In the first half of the year emerging market debt and equity asset classes were up low to high single digits in benchmark indices, and combined fund flows were positive at around $40 billion, as early year euphoria gave way to solid performance expectations. Several months ago global investor surveys had the category as a runaway favorite versus developed markets, on the assumption the world’s major central banks would only marginally tighten liquidity, and the two largest economies the US and China could resolve trade and investment disputes over time. Developing market growth was projected at 4-5% on subdued inflation, as bank and non-bank deleveraging s continued after years of double-digit credit expansion. These trends remain largely intact with modifications for monetary pause or easing, as the decade-long cyclical recovery fades with additional tariff and non-tariff barrier drag for competitive and security reasons.

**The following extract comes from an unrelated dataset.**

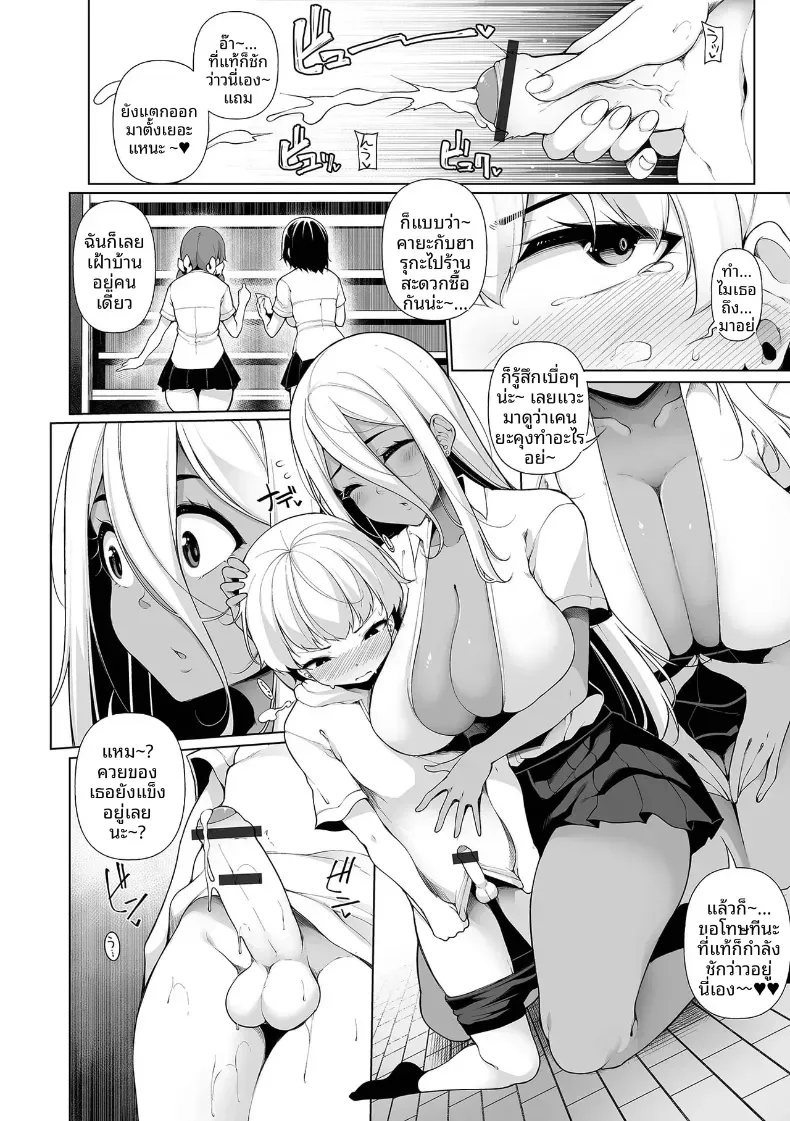 Doujin-Lc- อ่าน โดจิน มังฮวา เกาหลี ญี่ปุ่น จีน แปลไทย พวกพี่สาว [Sakamata Nerimono] ตอนที่ 1 2 3 4 5 6 7 8 9 10 11 12 13 14 ฟรี ไม่มีโฆษณา อ่าน โดจิน Manhwa เกาหลี ญี่ปุ่น จีน เรามีครบ คัดมาให้เน้นๆ โดจิน 18+ รับประกันความฟินโดย  Doujin Lc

Fund managers are comfortable with these scenarios, but admit that the prospect of emerging market currencies, which almost all fell against the dollar over the period, in the negotiating mix is an unprecedented allocation variable. The US Treasury Department has China and its Asian neighbors on a watch list for possible “manipulation” inviting retaliation, and an understanding was written into the new free trade pact with Mexico. The coordinated system established under Bretton Woods fell apart forty-five years ago as the institutions created then, the International Monetary Fund and World Bank, mark their 75th anniversary under leadership and mission transition affecting foreign direct and portfolio investment flows. The main index providers for core and frontier stocks, and local and external corporate and sovereign bonds, are also in reinvention mode to upset traditional practice, especially as passive exchange traded funds eat into active manager business. MSCI, at the same time it added Chinese “A” shares and Argentina and Saudi Arabia to the core market roster, issued a paper for the index’s 30th year of operation mulling future yardstick change.

The trade and supply chain threats under the Washington-Beijing standoff have been brewing for years, with most emerging economies promising to diversify the export-led growth model and forge new cross-border relationships. Investor preference now is for strong domestic consumption and investment stories, especially if the latter is private and for long-term infrastructure purposes. Vietnam is a popular Chinese assembly and manufacturing backstop since it stayed in the Trans-Pacific partnership despite Trump administration exit and just finalized a deal with the European Union. The EU, in turn, after decades of talks just reached a pact with Mercosur members Argentina and Brazil. Africa has generated excitement with ratification of a continental free trade zone, also envisioning small stock exchange integration.

These arrangements avoid currency questions that could imminently feature not only in the context of goods and services flows, but as historic dollar dominance and recent sanctions promote parallel channels. China and Russia within their own regions and the broader BRICS grouping intend to develop pure emerging market reserve pools for diplomatic and monetary protection. China was included in the IMF’s Special Drawing Rights basket, and other emerging markets have pressed for modification in standard criteria so they can be added on the way to a usable unit reflecting their share.

Portfolio managers into the second half of this year must also brace for reconstitution and consolidation of the multiple gauges for public asset classes, as private ones also enter the fold. MSCI acknowledges that its core benchmark is too Asia-driven, and JP Morgan has unified external corporate and sovereign listings, as it considers dropping heavyweights like South Korea from the former. Sponsors are working to develop hybrids mirroring multi-asset strategies, including for private equity without an existing measure. While the so-called trade war may soon trigger currency revolution, an internal industry one will equally shape near-term performance.